We recently marked the one year mark since the United States, and much of the world, moved into shut down. In March 2020 schools went virtual, many workers moved to working from home, and a lot of changes were made to the way that we live our day to day lives.
Although it is undoubtedly true that living with changes due to Covid-19 has been a struggle for most everyone, it can also be argued that those of us that practice yoga and mindfulness may have benefited from the ability to handle some of the changes with potentially more ease and grace. Judith Hanson Lasater said in an interview with Andrea Ferreti on Andrea’s podcast Yogland (highly recommended) that she believes that people that practice yoga and mindfulness have been (unknowingly) preparing for something like shut down via practices of quiet and stillness. I agree with her completely and feel that my yoga practice as well with my time spent living abroad, where adaptation is a major necessity, aided in my ability to cope with the extreme life changes that took place just over a year ago.
With true transparency I should say that my struggle with Covid has not been as difficult as others due to the facts that I kept my job, was able to do my job remotely until September, have no co-morbidities, and am in a secure financial place with no children at home to manage. Having lived abroad in Asia for a few years, I was used to people wearing masks out of respect for others when sick, so transitioning to wearing masks was not entirely new to me. I do find it difficult and annoying to wear one for hours on end, but I remind myself of the compassion that wearing a mask represents and while wearing it use my yoga experience to focus on breathing through my nose as much as possible.
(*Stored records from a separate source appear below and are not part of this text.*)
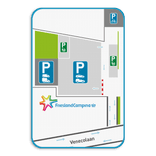 Informatiebord 2:3 reflecterend met je eigen opdruk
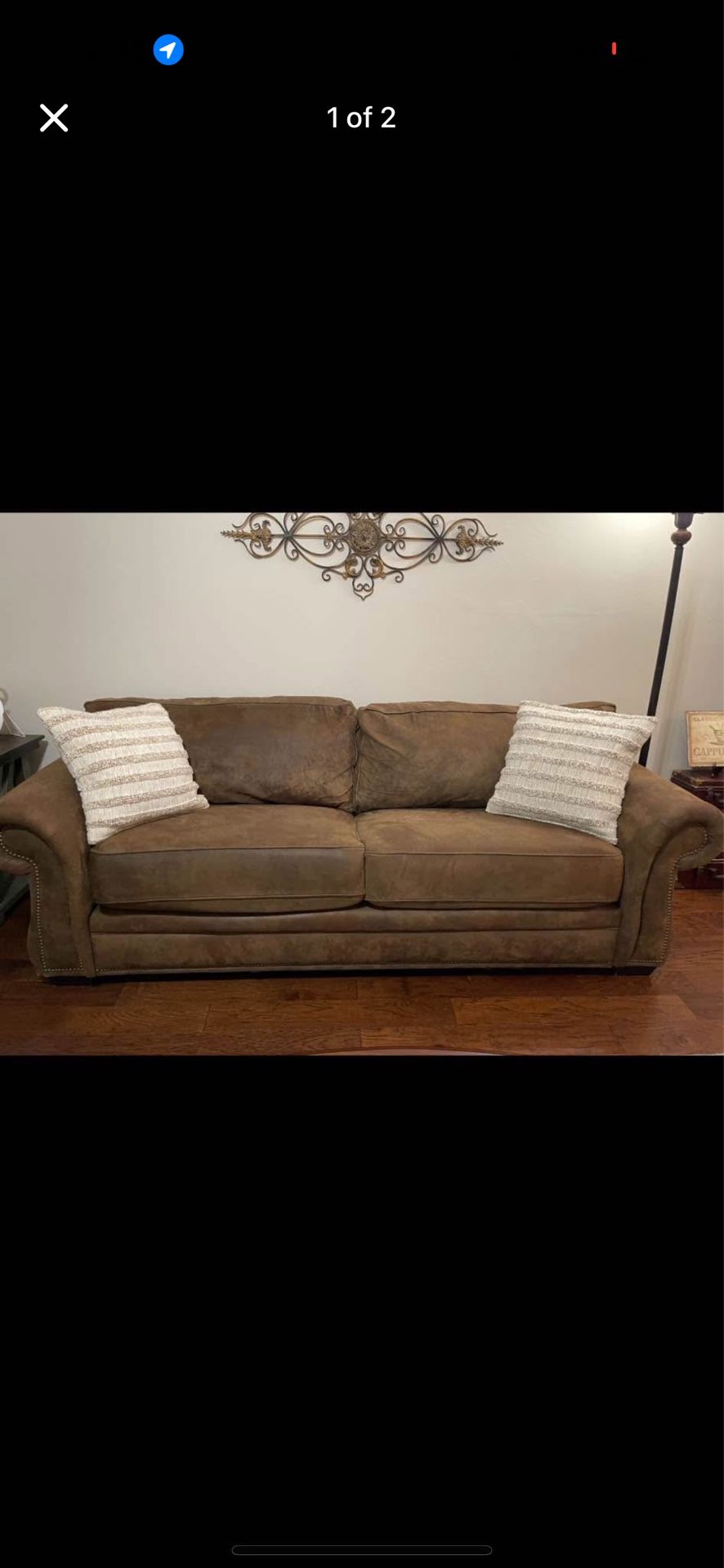 Couch and Love Seat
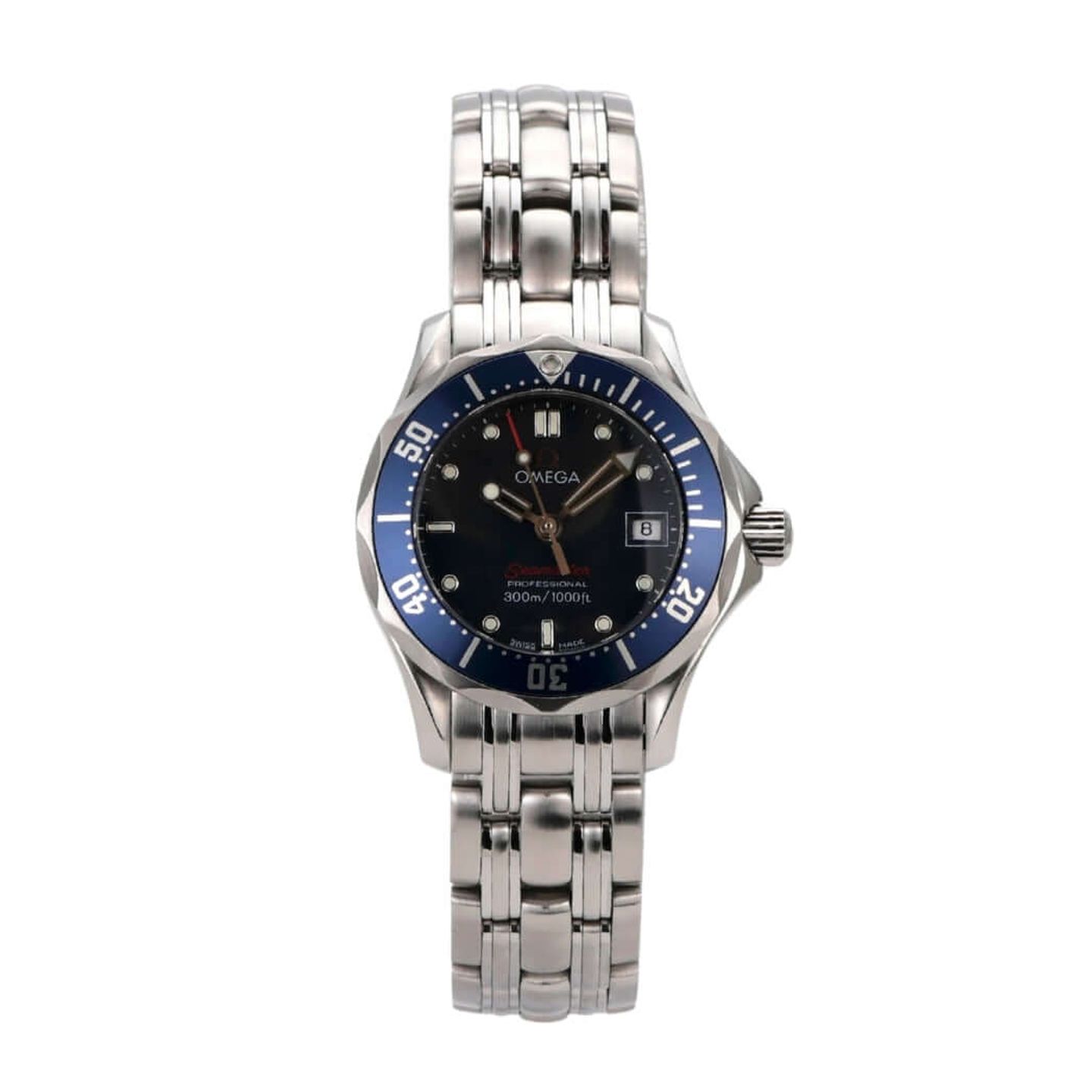 Omega Seamaster Diver 300 M 2541.80.00 (2014) - Blue dial 41 mm Steel case (2/8)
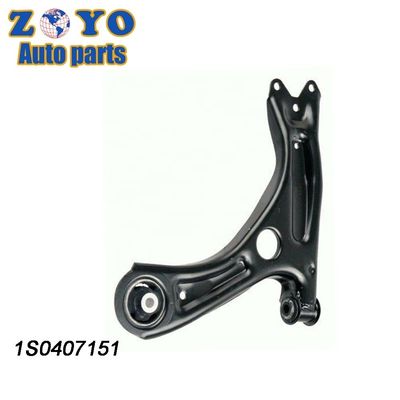 2011-2016 Pièces de suspension automobile usagées en revêtement E noir pour le bras de commande avant inférieur de VW UP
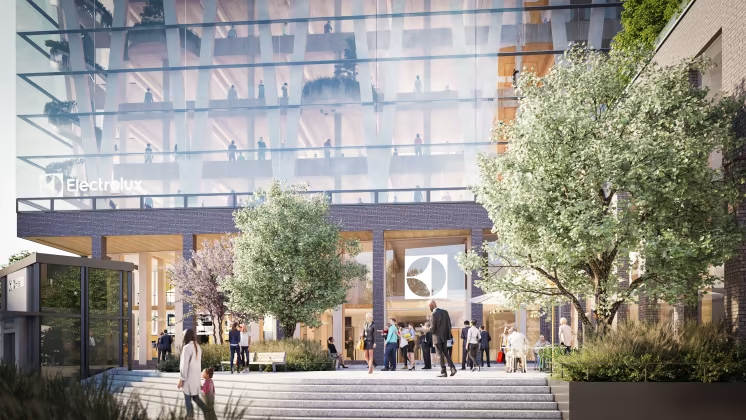 Electrolux använder nu tre certifieringssystem i Greenhouse Sthlm Electrolux använder nu tre certifieringssystem i Greenhouse Sthlm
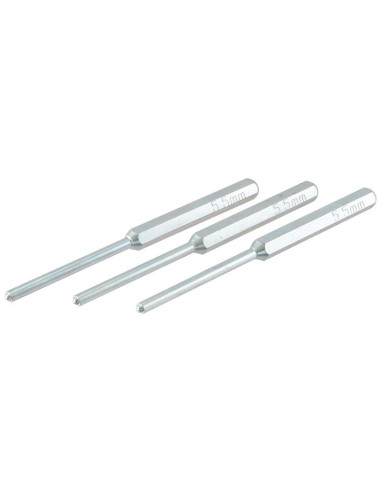 Juego Punzones 5.5mm (caja de 3)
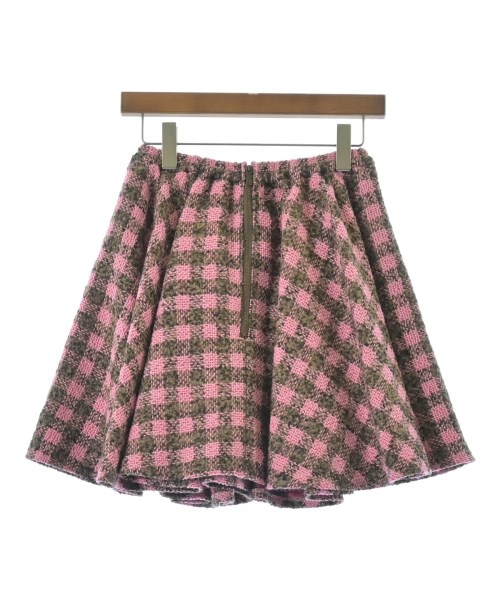 OBLI（オブリー）ミニスカート ピンク サイズ:F レディース/2200655751045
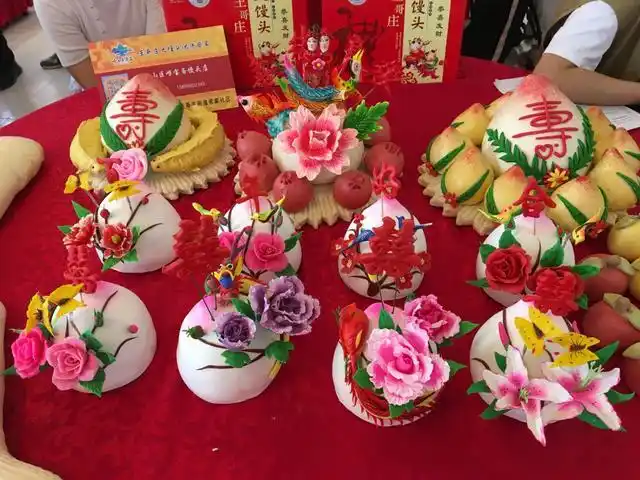 视频|花样馒头"争奇斗艳"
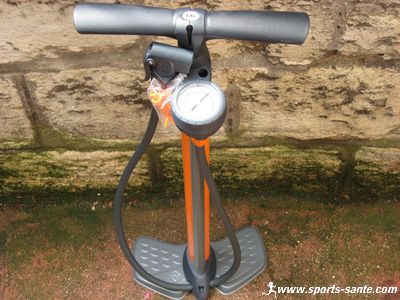 Pompe à pied pour vélo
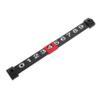 KICHOUSE Portable Score Counter for Table Soccer and Billiards Use Sliding Mechanism Durable Game Prop for Foosball Matches and Parties Black Scoreboard view 1
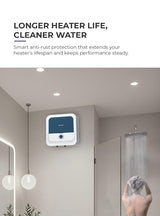 Mistral MSWH150WG Storage Water Heater 15L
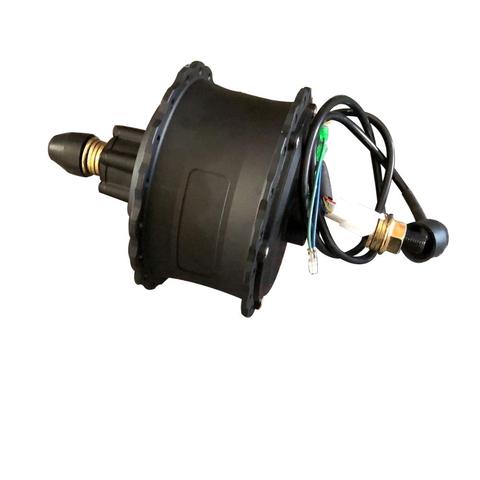 Motor Fat 36V 250/350/500W, Motor sin escobillas, Motor trasero delantera, rueda libre, para bicicleta eléctrica, nieve ► Foto 1/3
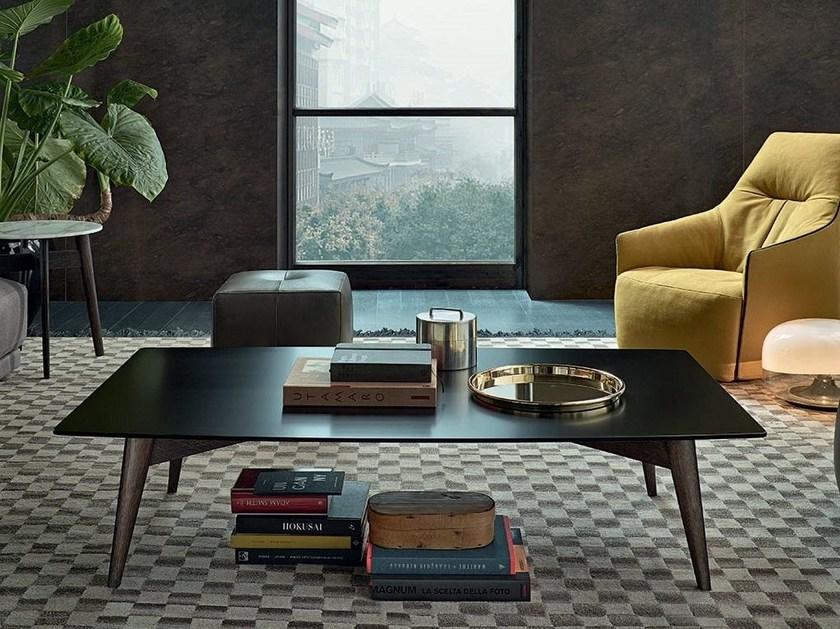 Poliform Лакированный журнальный столик для гостиной sun-id-1503475 - Вид №4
Whatever your Covid situation, and views on wearing masks, if you have yoga and meditation in your life, I truly believe that those practices and skills likely aided you in your handling of the difficulties of the past year. Not only by means of stress relieving techniques such as pranayama (breath work) or mindfulness practices but also by asana practice which may lead to improved physical health. All of those practices, mental and physical, fold into one big benefit for the immune system. Wearing masks and social distancing is necessary, but to live a healthy lifestyle and improve the immune system as best as possible is another bow in the quiver to fight all illnesses.
Looking back at the past year, in all of its loneliness and disappointments, the ideas of adaptability and strength came to mind as carrying me, personally, through the pandemic. But whether it is recognized or not, I think that the country and world have adapted and come together in strength to do our best in 2020 and the beginning of 2021. We are all in this together.
Of, course, like everyone else I long for “normal” life, but instead of dwelling on what is missed, I think it is a good opportunity to be grateful for the health that we currently have and for the loved ones that are still with us today, while also grieving those that we have lost. These struggles paired together with the abilities of modern technology give us an opportunity to realize and recognize that as a global community we have come together and helped each other though. Take care of yourself and each other.